**MATERIAL PROVIDED:**
+ + + + + + +
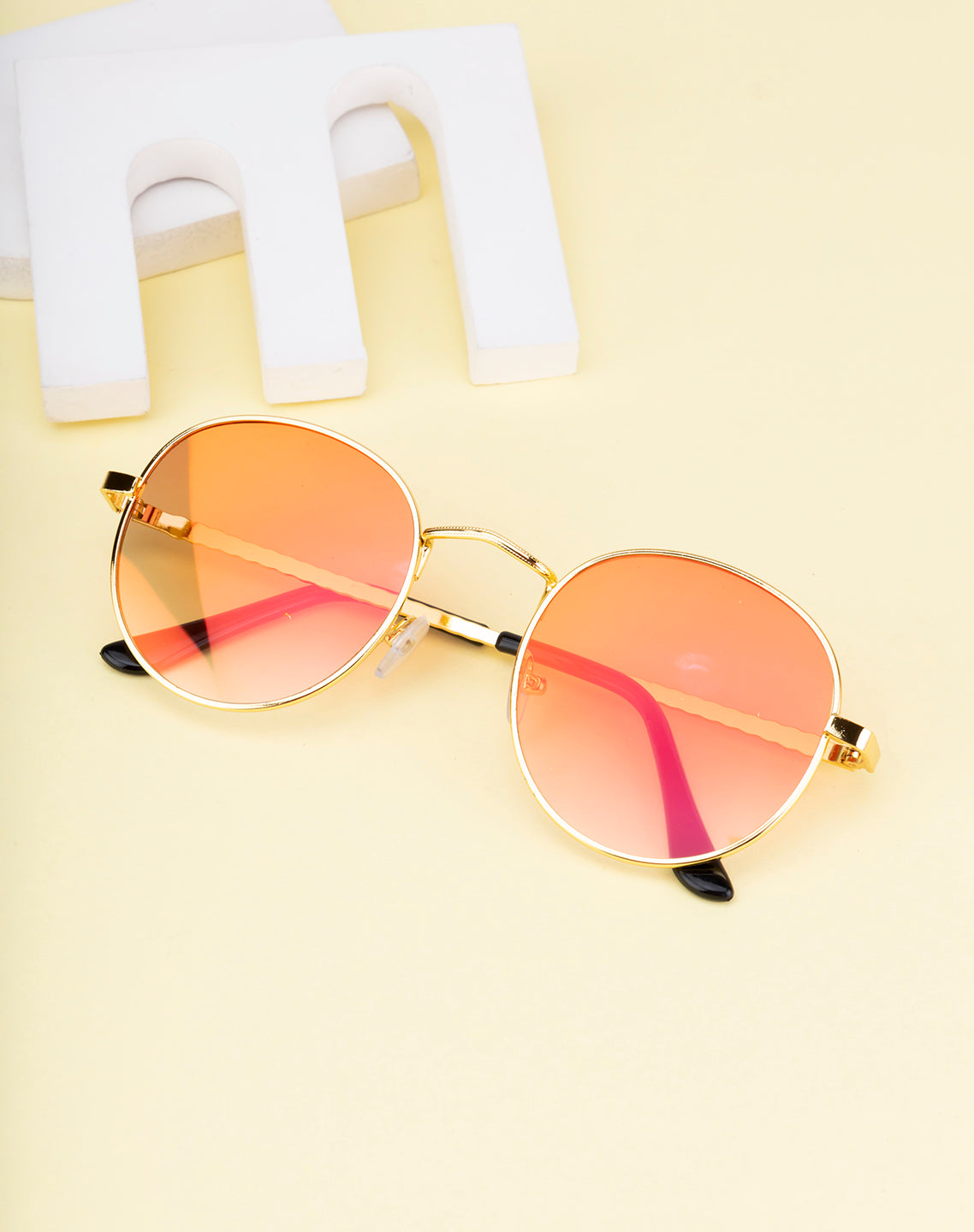 Clark N Palmer Gold Frame Sunset Pink Reflective Sunglasses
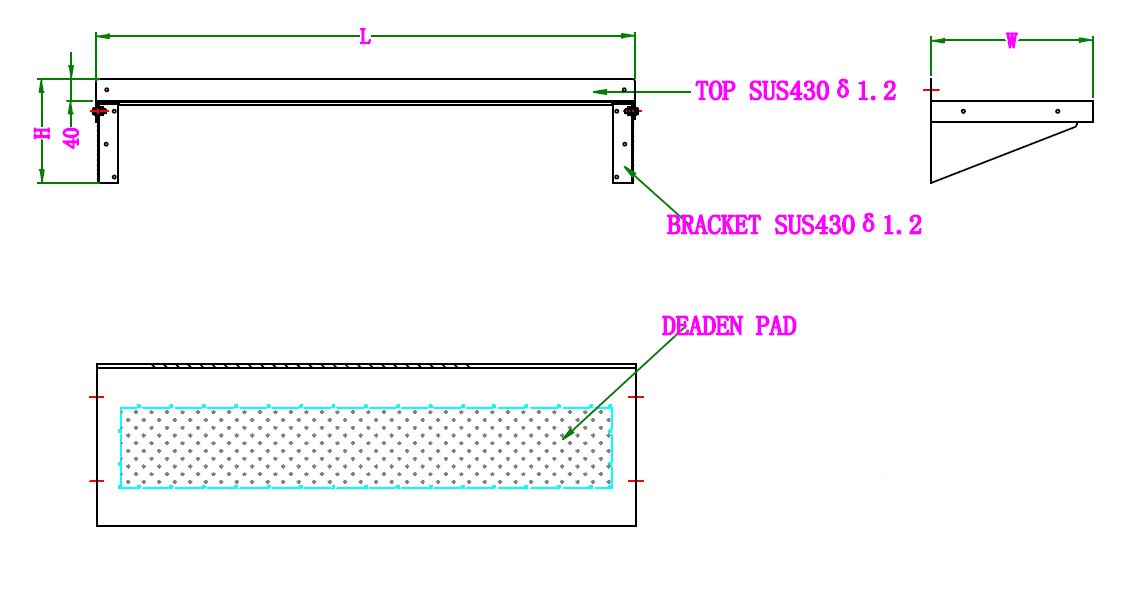 Edelstahl Wandbord / mit Konsolen / 600 × 400 × 190 mm / Combisteel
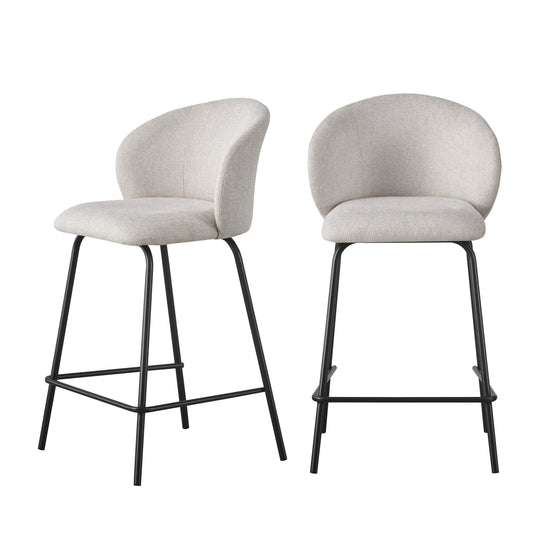 Lot de 2 tabourets de bar Drawer Namia en tissu beige et métal H65cm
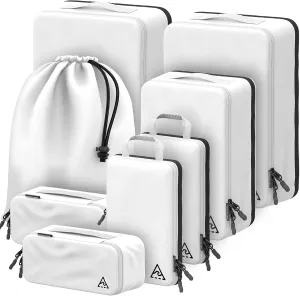 8 Set/4 Set Deluxe Compression Packing Cubes Travel - Maximize Space In Luggage With Patented HybridMax Double Capacity Design, Luxury Compressible Packing Cubes For Travel, Large, Small, & Medium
+ + + + + + +
**WHAT THIS TASK INVOLVES:** Please copy exactly, and only, the lines from the one that contains "Edelstahl Wandbord /" through the last line of the data above, omitting all pictures.

**SOLUTION FOR THIS TASK:**
 Edelstahl Wandbord / mit Konsolen / 600 × 400 × 190 mm / Combisteel
 Lot de 2 tabourets de bar Drawer Namia en tissu beige et métal H65cm
 8 Set/4 Set Deluxe Compression Packing Cubes Travel - Maximize Space In Luggage With Patented HybridMax Double Capacity Design, Luxury Compressible Packing Cubes For Travel, Large, Small, & Medium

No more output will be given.